Proto-Celtic religion
Proto-Celtic religion refers to the belief systems attributed to the speakers of the Proto-Celtic language, and encompasses mythological themes, legendary narratives, folk traditions and cosmological concepts that can be reconstructed for early Celtic culture. Proto-Celtic is generally dated to the Late Bronze Age, and any reconstruction of Proto-Celtic religion therefore predates the historically attested religions of the Ancient Celts.

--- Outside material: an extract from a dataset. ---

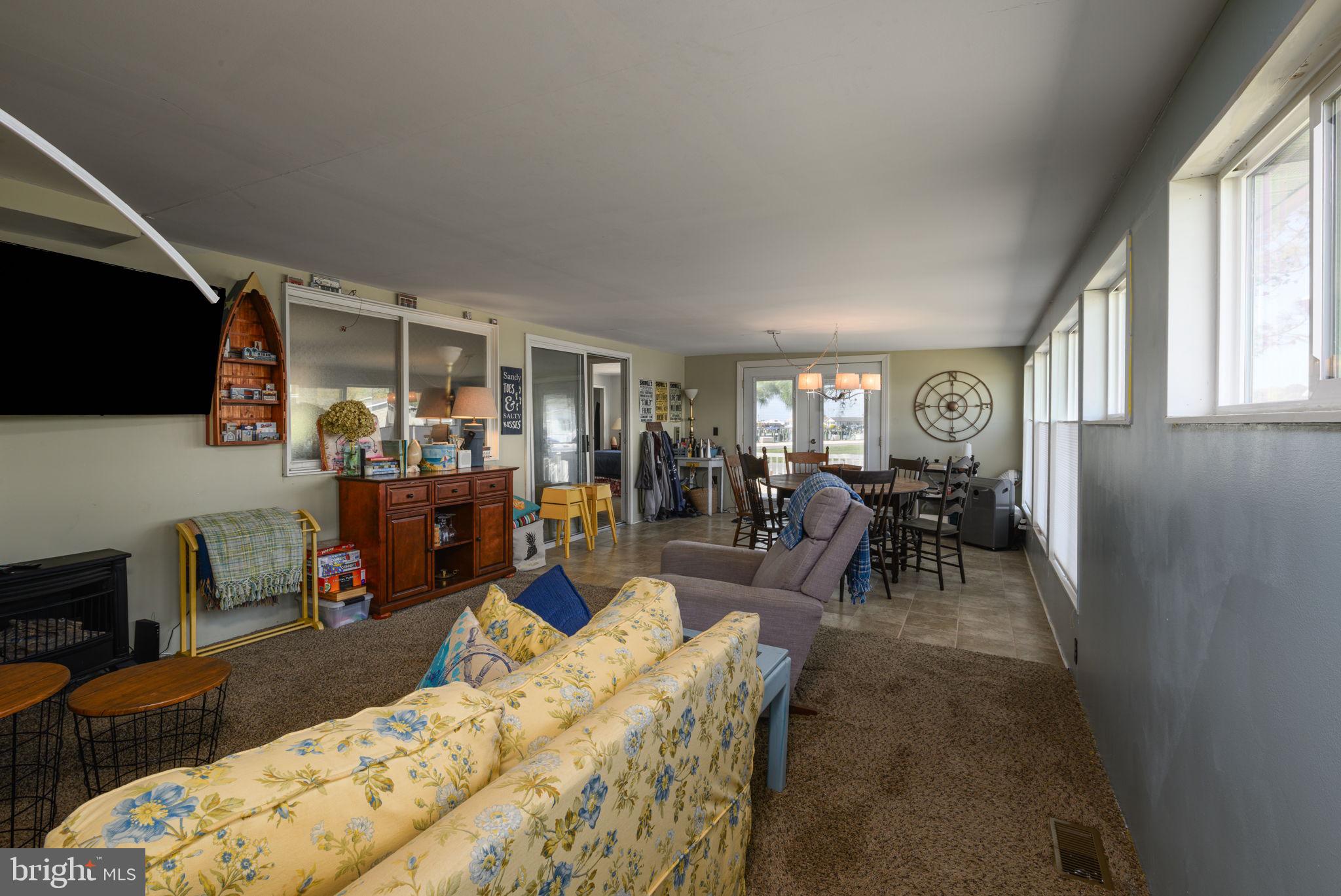 POTNETS BAYSIDE - Residential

Through the comparative method, Celtic philologists and historical linguists have proposed reconstructions of deities, mythic figures, ritual concepts, and place-names, with varying degrees of scholarly confidence. These reconstructions draw primarily on linguistic evidence and comparative analysis, and are supplemented by later literary, epigraphic, and archaeological sources. Modern scholarship therefore stresses methodological restraint, treating Proto-Celtic religion as a constellation of related traditions rather than a fully reconstructible, homogeneous belief system.
Reconstruction framework
Chronology
According to linguist John T. Koch, the period is appropriate for the existence of a unified, and possibly geographically expansive, Proto-Celtic language. The Proto-Celtic homeland is generally associated in scholarship with the Urnfield culture and the early Hallstatt Iron Age in Central Europe.The period around 900 BC is commonly identified with the breakup of Proto-Celtic into distinct branches.
Cognate terms
The reconstructions presented in this section are proposed by historical linguists and philologists on the basis of the comparative method, which infers earlier linguistic forms through systematic comparison of cognate evidence across related Celtic languages and, where relevant, the wider Indo-European linguistic family. Reconstructed forms are conventionally marked with an asterisk, while forms whose attribution to the Proto-Celtic period is uncertain are preceded by a question mark.In the case of religious terminology and mythological motifs, reconstruction is often complicated by the long chronological gap between the Proto-Celtic period, the earliest available evidence of ancient Celtic religious beliefs, and the medieval Celtic textual traditions.